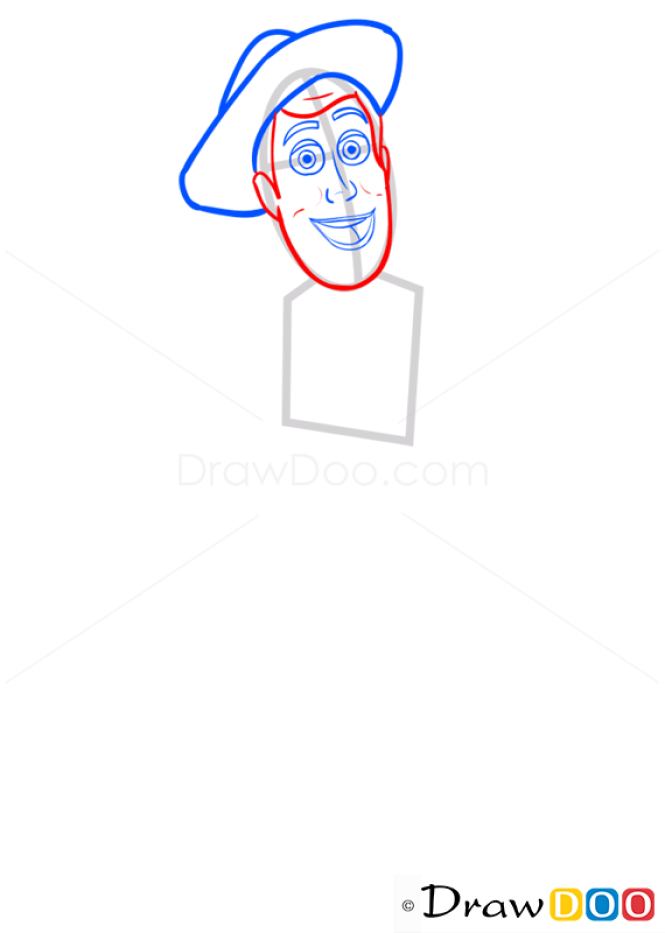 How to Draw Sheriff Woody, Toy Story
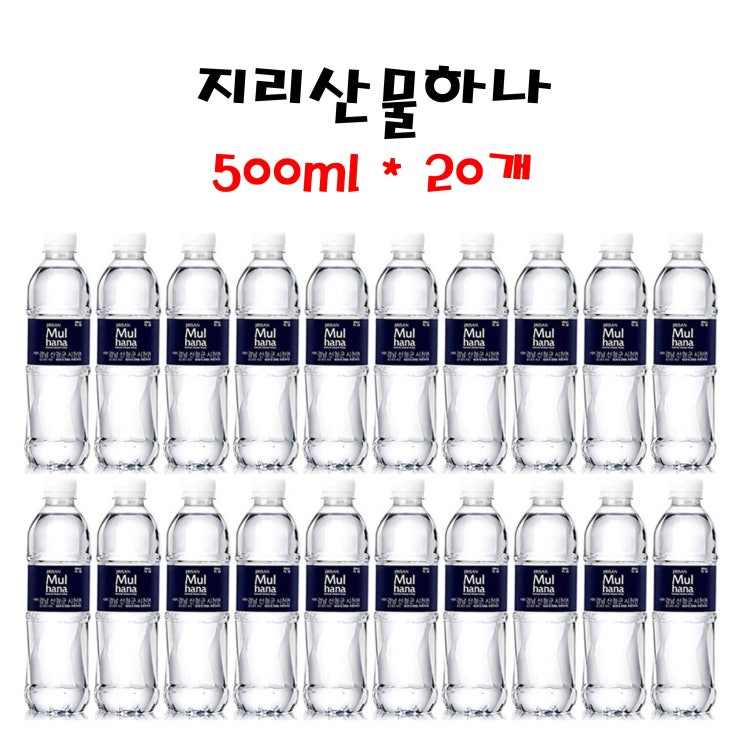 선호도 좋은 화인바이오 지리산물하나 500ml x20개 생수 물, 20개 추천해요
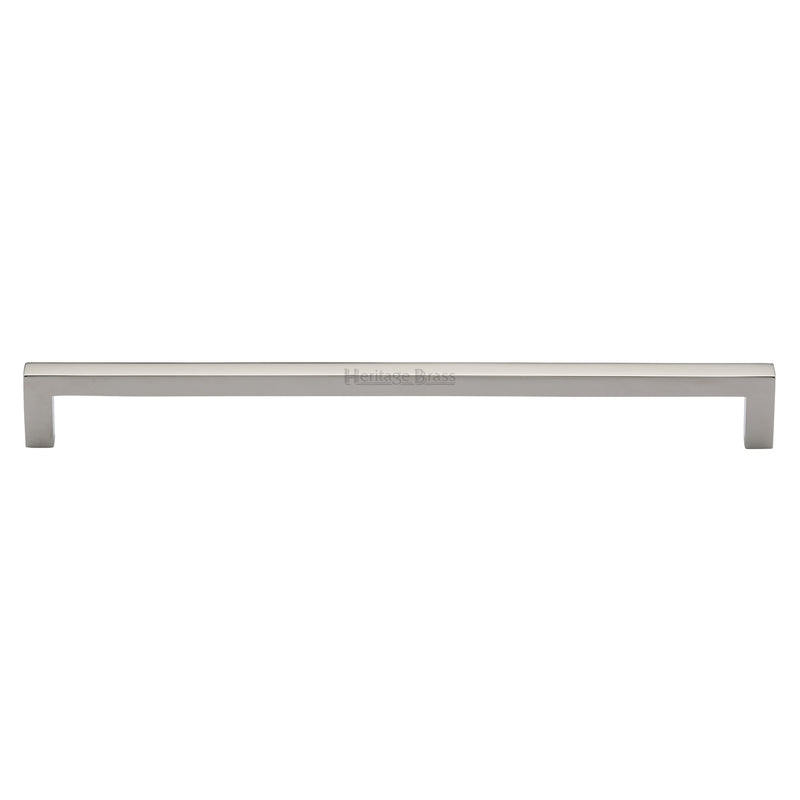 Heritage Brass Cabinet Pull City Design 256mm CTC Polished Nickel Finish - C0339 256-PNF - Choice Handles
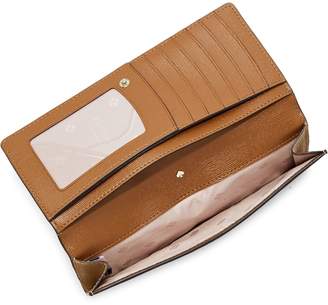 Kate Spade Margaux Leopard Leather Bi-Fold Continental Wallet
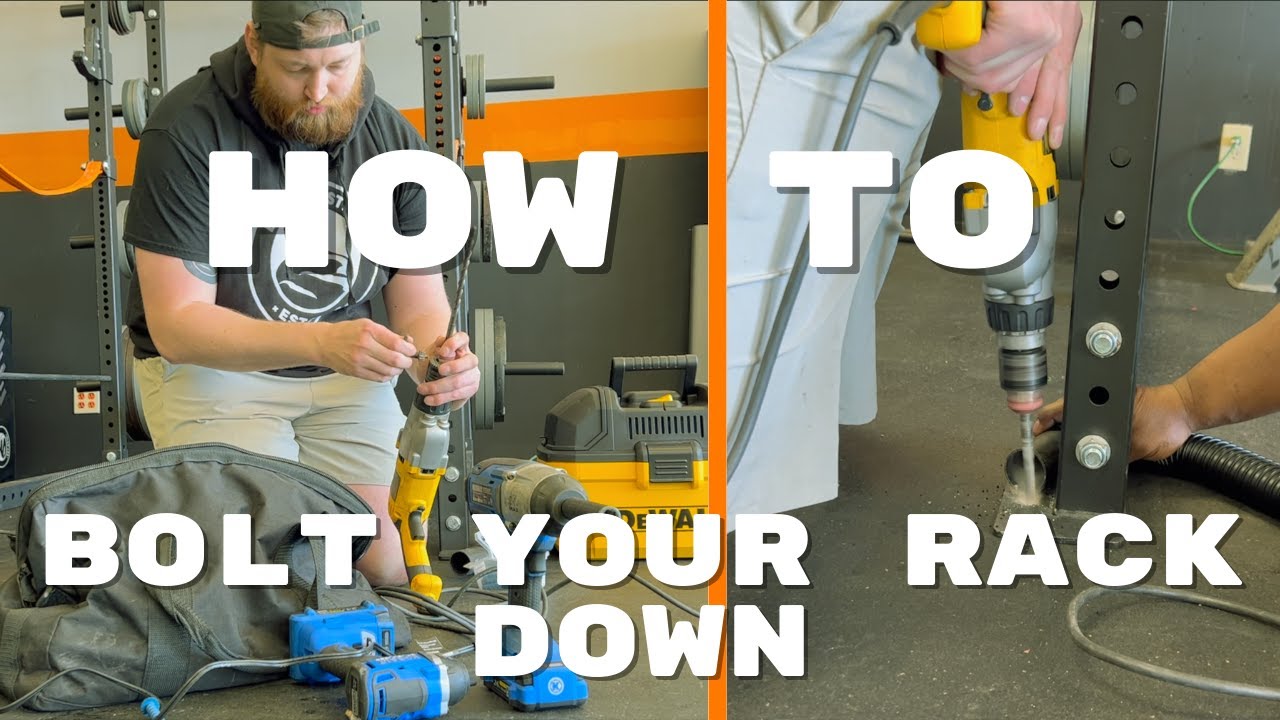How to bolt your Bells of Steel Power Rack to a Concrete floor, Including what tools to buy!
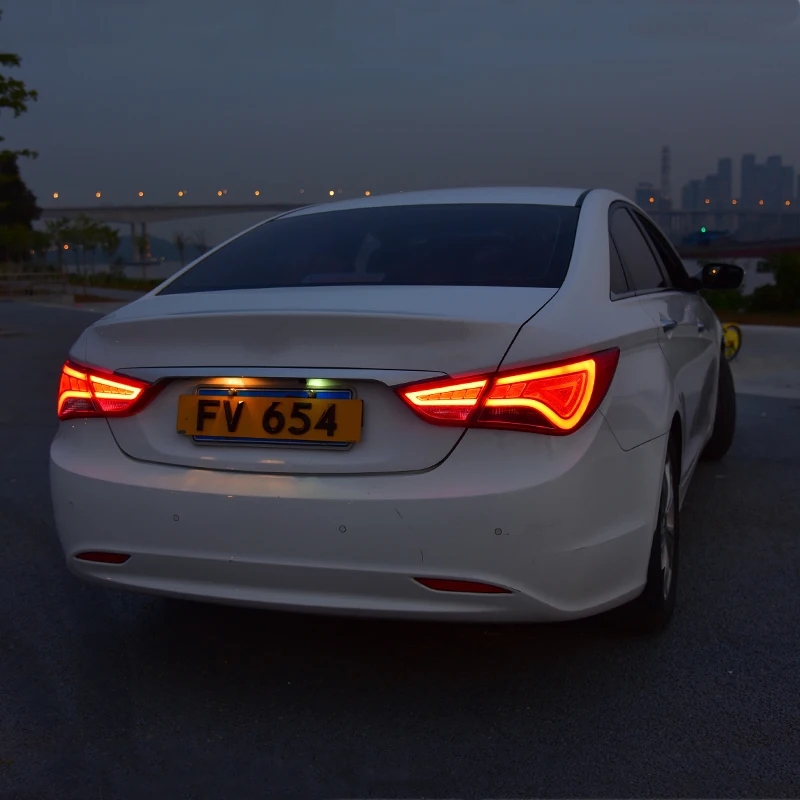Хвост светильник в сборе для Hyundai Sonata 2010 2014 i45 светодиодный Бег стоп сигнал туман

* * *

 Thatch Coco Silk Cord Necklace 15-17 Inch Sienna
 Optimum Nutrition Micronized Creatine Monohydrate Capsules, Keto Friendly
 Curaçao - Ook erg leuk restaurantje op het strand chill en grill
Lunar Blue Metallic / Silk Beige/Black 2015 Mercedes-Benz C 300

* * *

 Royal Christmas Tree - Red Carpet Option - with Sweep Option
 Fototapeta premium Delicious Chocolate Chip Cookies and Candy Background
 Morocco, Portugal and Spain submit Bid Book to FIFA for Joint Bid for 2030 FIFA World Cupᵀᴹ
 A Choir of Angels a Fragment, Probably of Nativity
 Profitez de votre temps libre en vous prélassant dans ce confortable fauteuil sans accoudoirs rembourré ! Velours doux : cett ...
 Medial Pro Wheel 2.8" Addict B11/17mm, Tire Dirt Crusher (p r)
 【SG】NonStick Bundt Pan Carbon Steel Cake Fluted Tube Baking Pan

**EXERCISE PROMPT**
Scan the records for the string "Silk". Copy each line in which it appears.

**ANSWER SPACE**
 Thatch Coco Silk Cord Necklace 15-17 Inch Sienna
Lunar Blue Metallic / Silk Beige/Black 2015 Mercedes-Benz C 300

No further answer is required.